Jokes aside, I don’t want to offend anyone I have worked with, not only because they are all decent professionals, but also because I am connected with most of them on LinkedIn, there is highly a chance they will be reading this article soon, and I am far from my retirement age.

Everyone plays an important role in a project, no doubt about that. What I want to emphasize here is only the role a Business Analyst takes in a project. If I had to use only one sentence to summarize what a project is, I would say “plan the work and work the plan”. This I learnt when I was studying for my PMP designation about 15 years ago.

The first “work” is the “what”, what the customer needs (not whatever they want), which relies on Business Analyst to dig out and to communicate this need to all of the stakeholders.
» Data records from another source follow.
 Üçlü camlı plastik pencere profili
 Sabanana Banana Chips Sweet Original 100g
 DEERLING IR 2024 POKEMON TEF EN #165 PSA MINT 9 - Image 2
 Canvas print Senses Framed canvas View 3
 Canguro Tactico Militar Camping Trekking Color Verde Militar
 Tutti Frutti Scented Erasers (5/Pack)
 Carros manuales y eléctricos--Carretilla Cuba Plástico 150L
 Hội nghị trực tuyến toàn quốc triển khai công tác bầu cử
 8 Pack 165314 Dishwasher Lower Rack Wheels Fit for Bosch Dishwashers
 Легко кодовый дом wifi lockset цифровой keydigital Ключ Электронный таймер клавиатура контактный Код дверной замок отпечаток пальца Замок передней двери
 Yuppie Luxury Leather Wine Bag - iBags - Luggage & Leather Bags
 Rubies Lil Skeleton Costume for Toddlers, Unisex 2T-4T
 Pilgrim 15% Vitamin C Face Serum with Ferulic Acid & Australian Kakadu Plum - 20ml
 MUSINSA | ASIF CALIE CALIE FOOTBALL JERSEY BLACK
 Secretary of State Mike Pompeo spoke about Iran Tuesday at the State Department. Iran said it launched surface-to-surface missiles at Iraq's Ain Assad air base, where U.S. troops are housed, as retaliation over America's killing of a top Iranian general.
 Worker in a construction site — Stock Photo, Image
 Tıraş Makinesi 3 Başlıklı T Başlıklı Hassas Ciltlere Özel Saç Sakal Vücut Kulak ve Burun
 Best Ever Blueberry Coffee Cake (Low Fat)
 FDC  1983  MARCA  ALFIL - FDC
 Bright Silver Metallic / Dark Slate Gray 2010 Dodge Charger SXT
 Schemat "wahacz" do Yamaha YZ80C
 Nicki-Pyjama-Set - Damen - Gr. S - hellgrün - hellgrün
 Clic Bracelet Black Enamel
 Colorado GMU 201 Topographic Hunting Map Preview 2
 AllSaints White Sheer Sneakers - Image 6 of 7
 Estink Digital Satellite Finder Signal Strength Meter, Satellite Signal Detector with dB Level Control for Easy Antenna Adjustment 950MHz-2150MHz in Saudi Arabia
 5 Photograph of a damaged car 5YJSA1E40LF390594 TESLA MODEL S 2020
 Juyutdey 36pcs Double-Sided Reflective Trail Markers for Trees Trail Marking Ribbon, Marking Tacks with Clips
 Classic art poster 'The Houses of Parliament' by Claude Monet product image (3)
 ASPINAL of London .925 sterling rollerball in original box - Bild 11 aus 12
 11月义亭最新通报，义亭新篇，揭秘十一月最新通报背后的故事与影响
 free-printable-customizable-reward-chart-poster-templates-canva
Project stakeholders includes the project team and people who will be impacted by the project work and/or project deliverables to a certain extent. The second “work” is the execution process of delivering the solutions to meet the customer’s needs or requirements, where again the Business Analyst also plays a critical role. A Business Analyst or BA will make sure the stakeholders are on the same page regarding the first “what”, throughout the entire course of a project, especially when any change occurs. If a question comes up during the execution, for example, the defect vs. feature arbitration, the BA is the one who will clarify with the customer, then triage, then make the call.

Towards the end, the BA also helps the customer to test the solution to make sure the deliverable has satisfied the customer’s needs and prepares them for organizational change to adopt the new solutions.

In some organizations, there is another role called the Business System Analyst, who works more closely with the development team on system requirements, which refers to the technical specifications based on the business requirements. This involves translation from “what” to “how”. I have done both roles, sometimes simultaneously during one project; this can be the topic for the next article.

A project, unlike ongoing operational work, has a start and an end. It has three main constraints, time/schedule, money/budget, and people/resources. Below is an illustration of the relationship between the three constraints to the center of the project, the scope. The schedule, budget and resources are impacted by scope; the scope is defined by business requirements; and business requirements are owned by the Business Analyst.

Finally, I am in the picture:

If the schedule, budget and resources are not balanced, either the scoped work won’t be fully delivered or the quality of work will be sacrificed. Something or someone will get squeezed somehow.

Not limited to financial industry though, a good business analyst in any project is the one:

  • who can identify exactly what the customer really needs, through analytical and communication skills as well as business acumen, and not just go by what they want;

  • who can articulate the requirements clearly and efficiently (perhaps with the aid of graphics, like my beautiful pictures above); SMART* requirements are the foundation of a high-quality solution;

  • who helps with all aspects of a project, including planning, development, testing, organization change management, and communication; the BA leads the project through content, not through authority.

It is said that the devils are in the details; business analysts live and struggle with devils every day. This is what we do.

After you read this article, hopefully you will hold no more questions about the stock market. If I knew what to buy and when to sell, I would never need another BA job.

Note*:

SMART is an acronym for “Specific, Measurable, Attainable (Achievable), Realistic, Timely”.

The principal advantage of SMART requirements is that they are not ambiguous, easier to understand, to implement, and then be reassured that they have been done.